What to do:
Please reproduce, exactly and with nothing added, the line containing "Instahut Retractable Folding" and every line after it to the end of the records.

****************************************

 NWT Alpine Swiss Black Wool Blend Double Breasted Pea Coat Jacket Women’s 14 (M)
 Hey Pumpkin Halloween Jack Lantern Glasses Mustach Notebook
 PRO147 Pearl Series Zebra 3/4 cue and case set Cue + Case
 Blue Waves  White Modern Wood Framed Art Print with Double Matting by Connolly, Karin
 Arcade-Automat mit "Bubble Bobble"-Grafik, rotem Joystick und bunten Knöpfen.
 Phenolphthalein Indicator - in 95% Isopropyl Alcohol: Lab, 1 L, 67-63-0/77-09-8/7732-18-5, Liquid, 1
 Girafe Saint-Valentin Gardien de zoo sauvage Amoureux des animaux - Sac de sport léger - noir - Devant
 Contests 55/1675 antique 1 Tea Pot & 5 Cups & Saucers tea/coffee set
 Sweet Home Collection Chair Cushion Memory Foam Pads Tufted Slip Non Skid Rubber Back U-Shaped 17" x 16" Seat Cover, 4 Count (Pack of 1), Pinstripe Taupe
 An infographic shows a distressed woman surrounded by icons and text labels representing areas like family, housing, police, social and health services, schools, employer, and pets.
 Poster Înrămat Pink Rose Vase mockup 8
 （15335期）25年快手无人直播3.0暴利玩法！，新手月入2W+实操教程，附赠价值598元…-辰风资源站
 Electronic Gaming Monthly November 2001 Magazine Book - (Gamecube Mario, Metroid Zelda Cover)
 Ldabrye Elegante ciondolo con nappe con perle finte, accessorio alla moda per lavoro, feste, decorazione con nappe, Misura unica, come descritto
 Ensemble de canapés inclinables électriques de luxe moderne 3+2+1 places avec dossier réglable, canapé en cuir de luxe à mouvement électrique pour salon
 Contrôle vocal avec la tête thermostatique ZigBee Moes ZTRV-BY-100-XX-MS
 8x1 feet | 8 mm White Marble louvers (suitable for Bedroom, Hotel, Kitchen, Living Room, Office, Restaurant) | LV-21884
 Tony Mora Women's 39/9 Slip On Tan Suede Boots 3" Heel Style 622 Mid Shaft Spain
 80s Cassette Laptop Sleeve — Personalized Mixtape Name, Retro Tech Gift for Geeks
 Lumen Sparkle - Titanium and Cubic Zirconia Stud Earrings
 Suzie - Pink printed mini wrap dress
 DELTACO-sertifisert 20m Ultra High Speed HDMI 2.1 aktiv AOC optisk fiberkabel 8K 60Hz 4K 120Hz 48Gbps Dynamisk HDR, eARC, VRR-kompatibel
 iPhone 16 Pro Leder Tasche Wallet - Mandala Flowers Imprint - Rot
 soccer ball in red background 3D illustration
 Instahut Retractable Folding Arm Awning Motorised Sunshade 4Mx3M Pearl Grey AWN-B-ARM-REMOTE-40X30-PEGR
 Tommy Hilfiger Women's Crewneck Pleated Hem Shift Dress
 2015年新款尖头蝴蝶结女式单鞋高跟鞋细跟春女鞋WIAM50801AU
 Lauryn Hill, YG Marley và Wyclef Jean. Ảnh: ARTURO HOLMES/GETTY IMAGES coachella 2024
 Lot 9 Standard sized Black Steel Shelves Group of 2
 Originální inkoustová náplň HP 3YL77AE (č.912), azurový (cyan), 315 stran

****************************************

Completed task:
 Instahut Retractable Folding Arm Awning Motorised Sunshade 4Mx3M Pearl Grey AWN-B-ARM-REMOTE-40X30-PEGR
 Tommy Hilfiger Women's Crewneck Pleated Hem Shift Dress
 2015年新款尖头蝴蝶结女式单鞋高跟鞋细跟春女鞋WIAM50801AU
 Lauryn Hill, YG Marley và Wyclef Jean. Ảnh: ARTURO HOLMES/GETTY IMAGES coachella 2024
 Lot 9 Standard sized Black Steel Shelves Group of 2
 Originální inkoustová náplň HP 3YL77AE (č.912), azurový (cyan), 315 stran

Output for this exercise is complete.